= N. A. Tombazi =

Greek geologist and photographer (1894–1986)

N.A. Tombazi (Νικόλαος Τομπάζης; 1894–1986) was a Greek photographer who on a British Geological Expedition in 1925 apparently sighted a Yeti creature at 15,000 feet in the Himalayas of Tibet.

== Early life ==
Tombazi was born in 1894 in St Petersburg, Russia, where his father served as Ambassador in the Greek Embassy, although his birth was registered in Hydra, the family home. Tombazi was educated in Greece and served his military service in the Balkan Wars. He was employed by the Ralli Brothers' trading company and worked mainly in their Calcutta office. After working with the firm for over 30 years he returned to Greece in 1946, taking up residence in Athens, and became a professional photographer.

== Career ==
Described as "an adventurer in life and art", Tombazi's main outside interests were photography and mountaineering, alongside others such as fishing and breeding pedigree dogs. His love of photography and climbing were motivated at an early age after he received his first camera, a Box Brownie No 2 that he took on tours of archaeological sites and treks in the mountains of Greece from the age of 16. He would later climb in the Himalayas and the Swiss Alps, which he photographed extensively, as well as recording his mountain expeditions. In the archive of the Royal Geographical Society, of which he was a member, Tombazi is recorded as “candidate for Everest Expedition, photographer and traveller”.

Tombazi was a member of the Royal Photographic Society in London, the Fédération de l'Art Photographique of Switzerland and treasurer of the Photographic Society of Calcutta. His second career as a photographer led to him returning to his first love of photographing archaeological sites and excavations. Working in collaboration with the Archaeological Society he recorded the excavations by the archaeologists Takis Theocharis at the Askitario site at Rafina and Yannis Papadimitriou at Brauron and Merenda and he became known as one of the best photographers in the field. This led to him working for the Greek National Tourism Organization and with Christian Zervos for his magazine Cahiers d'art.

In 1962 Tombazi visited Mount Athos and took a series of photographs of the architecture and art of the monasteries as well as recording the daily life of the monks in the Athonite community. In 1982, a selection of the Mount Athos photographs was displayed at the British Council, in an exhibition entitled Nikolaos Tombazis: An Exhibition of Photographs of Mount Athos. Photographs of Mount Athos taken by Tombazi are also held in the Conway Library at The Courtauld Institute of Art, whose archive, of primarily architectural images, is being digitised under the wider Courtauld Connects project.

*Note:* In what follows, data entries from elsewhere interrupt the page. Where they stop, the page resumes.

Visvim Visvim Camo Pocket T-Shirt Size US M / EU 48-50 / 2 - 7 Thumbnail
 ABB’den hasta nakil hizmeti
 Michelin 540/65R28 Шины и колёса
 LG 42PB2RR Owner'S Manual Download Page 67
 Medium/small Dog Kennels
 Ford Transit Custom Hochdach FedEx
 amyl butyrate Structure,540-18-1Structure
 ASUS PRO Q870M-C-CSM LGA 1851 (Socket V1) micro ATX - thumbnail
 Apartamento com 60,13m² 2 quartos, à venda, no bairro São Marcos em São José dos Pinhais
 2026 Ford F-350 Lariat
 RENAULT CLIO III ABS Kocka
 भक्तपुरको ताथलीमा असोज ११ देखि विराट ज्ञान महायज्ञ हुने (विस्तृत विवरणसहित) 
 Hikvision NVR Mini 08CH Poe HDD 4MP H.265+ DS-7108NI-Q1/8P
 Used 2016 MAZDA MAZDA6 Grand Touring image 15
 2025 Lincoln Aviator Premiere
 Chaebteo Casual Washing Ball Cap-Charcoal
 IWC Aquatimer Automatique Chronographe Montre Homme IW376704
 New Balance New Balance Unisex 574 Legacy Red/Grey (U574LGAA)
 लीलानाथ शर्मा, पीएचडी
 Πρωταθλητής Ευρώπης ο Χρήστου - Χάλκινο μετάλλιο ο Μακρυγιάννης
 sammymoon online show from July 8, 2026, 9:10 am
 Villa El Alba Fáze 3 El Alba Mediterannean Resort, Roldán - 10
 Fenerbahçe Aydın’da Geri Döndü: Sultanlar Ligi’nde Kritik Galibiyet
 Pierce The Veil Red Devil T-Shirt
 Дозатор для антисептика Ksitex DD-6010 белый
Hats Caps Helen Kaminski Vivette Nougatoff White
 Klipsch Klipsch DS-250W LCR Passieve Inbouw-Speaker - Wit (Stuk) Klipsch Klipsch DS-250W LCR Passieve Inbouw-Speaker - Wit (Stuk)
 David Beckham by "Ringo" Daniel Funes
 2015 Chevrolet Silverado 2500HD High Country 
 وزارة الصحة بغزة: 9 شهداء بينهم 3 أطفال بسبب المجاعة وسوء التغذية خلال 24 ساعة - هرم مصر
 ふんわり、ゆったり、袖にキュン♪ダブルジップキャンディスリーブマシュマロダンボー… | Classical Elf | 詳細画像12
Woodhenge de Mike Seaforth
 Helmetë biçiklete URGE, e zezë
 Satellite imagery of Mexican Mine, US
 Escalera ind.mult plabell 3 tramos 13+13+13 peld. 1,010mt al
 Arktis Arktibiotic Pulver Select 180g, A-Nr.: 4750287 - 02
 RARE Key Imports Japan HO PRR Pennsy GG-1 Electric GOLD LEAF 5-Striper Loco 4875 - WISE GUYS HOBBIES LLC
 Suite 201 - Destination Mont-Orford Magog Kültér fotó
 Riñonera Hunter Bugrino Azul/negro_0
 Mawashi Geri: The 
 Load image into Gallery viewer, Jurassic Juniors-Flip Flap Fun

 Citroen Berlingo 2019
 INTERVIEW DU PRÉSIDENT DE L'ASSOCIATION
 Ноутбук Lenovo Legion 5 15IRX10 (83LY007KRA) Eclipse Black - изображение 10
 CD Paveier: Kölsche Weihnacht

A more recent exhibition of his work, Nikolaos Tombazis (1894-1986) India-Greece, was shown in the Benaki Museum in 2005.

Tombazi died in 1986 and his family, which includes his son (the architect Alexandros Tombazis) and his grandson (the Formula One car designer and FIA single-seater director Nikolas Tombazis), donated his archive of over 30,000 negatives and a large number of original prints to the Benaki Museum. Photographs by Tombazi are also held by the J. Paul Getty Museum.

== Yeti sighting ==
In 1925, Tombazi recorded a potential sighting of a Yeti, a "tall, naked figure tugging at rhododendron bushes", at 15,000 feet (4,500m) in Nepal. Tombazi did not believe in the yeti, thinking the figure he saw was a traveling hermit. In 1925, he wrote a book about his experiences called Account of a Photographic Expedition to the Southern Glaciers of Kangchenjunga in the Sikkim Himalaya. He recounted: "Unquestionably, the figure in outline was exactly like a human being, walking upright and stopping occasionally to uproot or pull at some dwarf rhododendron bushes. It showed up dark against the snow and as far as I could make out, wore no clothes." About two hours later, Tombazi and his companions descended the mountain, and saw what appeared to be the creature's footprints, described as "similar in shape to those of a man, but only six to seven inches long by four inches wide. ... The prints were undoubtedly those of a biped."